Task details:
Repeat each record below exactly, omitting whatever pictures appear in it.

↓↓↓

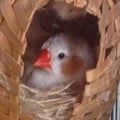@argiroulios profile image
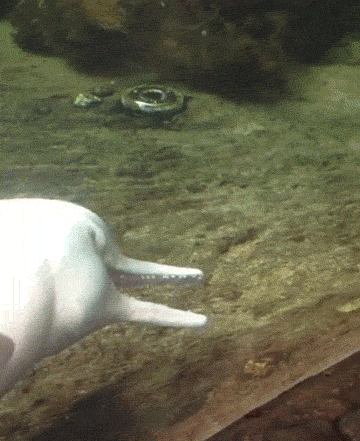 시룸주의) 머리가 잘린 죽은 물고기로 자위하는 돌고래...gif...(돌고래 성기적나라주의) | 인스티즈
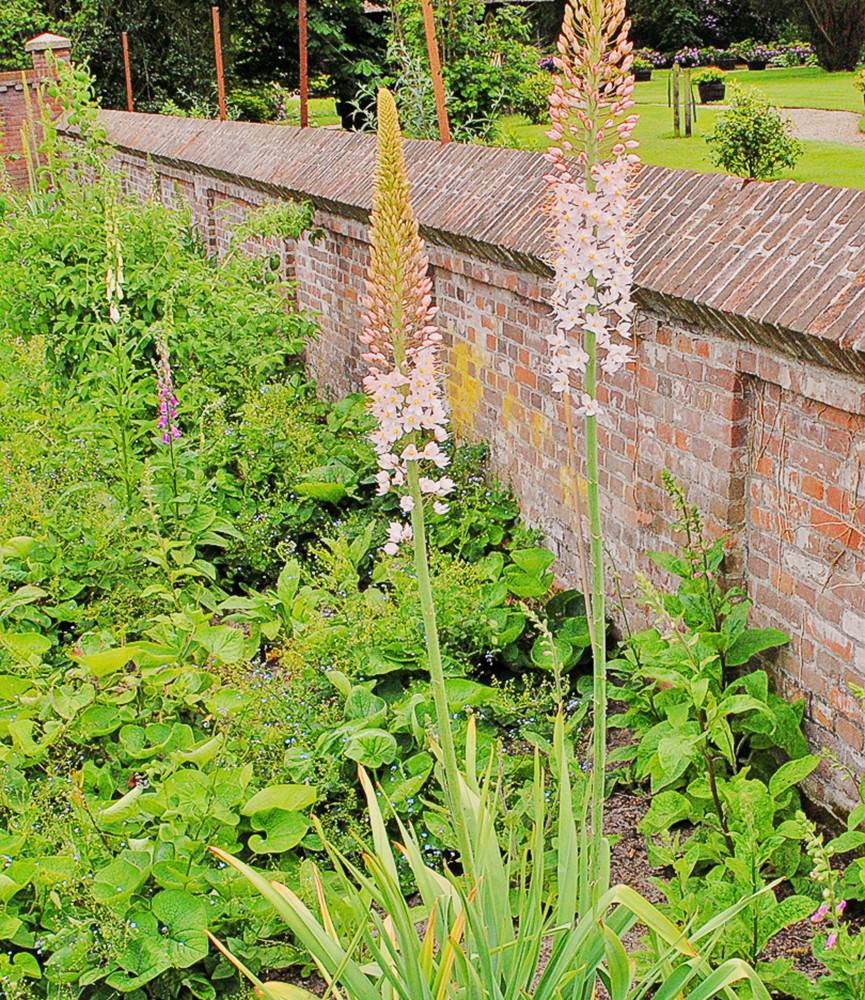 Eremurus robustus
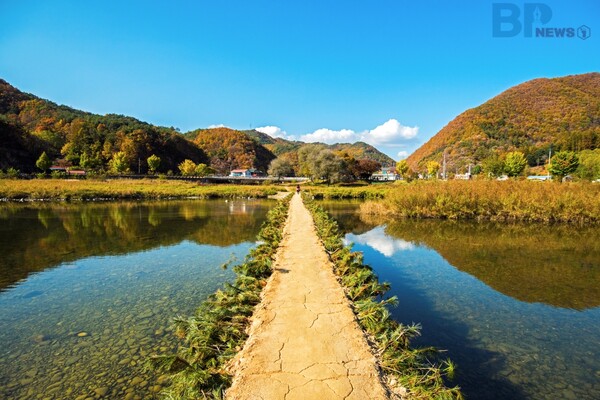 출처 = 게티이미지뱅크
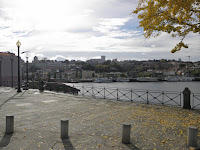 PB071258.JPG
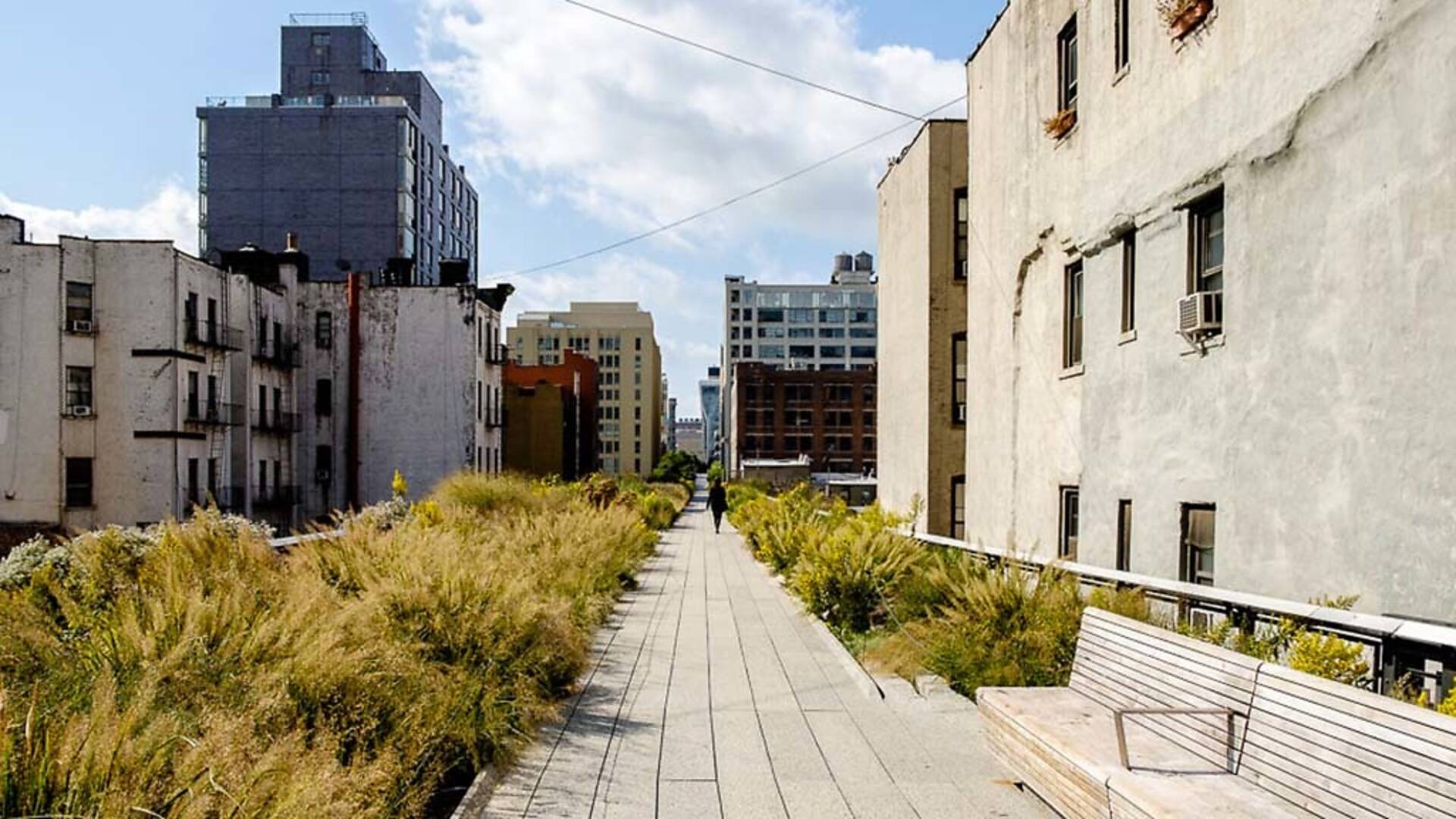 The Nyc Walking Tour Of The High Line The Nyc Walking Tour Of The High Line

↑↑↑

Response to this task:
@argiroulios profile image
 시룸주의) 머리가 잘린 죽은 물고기로 자위하는 돌고래...gif...(돌고래 성기적나라주의) | 인스티즈
 Eremurus robustus
 출처 = 게티이미지뱅크
 PB071258.JPG
 The Nyc Walking Tour Of The High Line The Nyc Walking Tour Of The High Line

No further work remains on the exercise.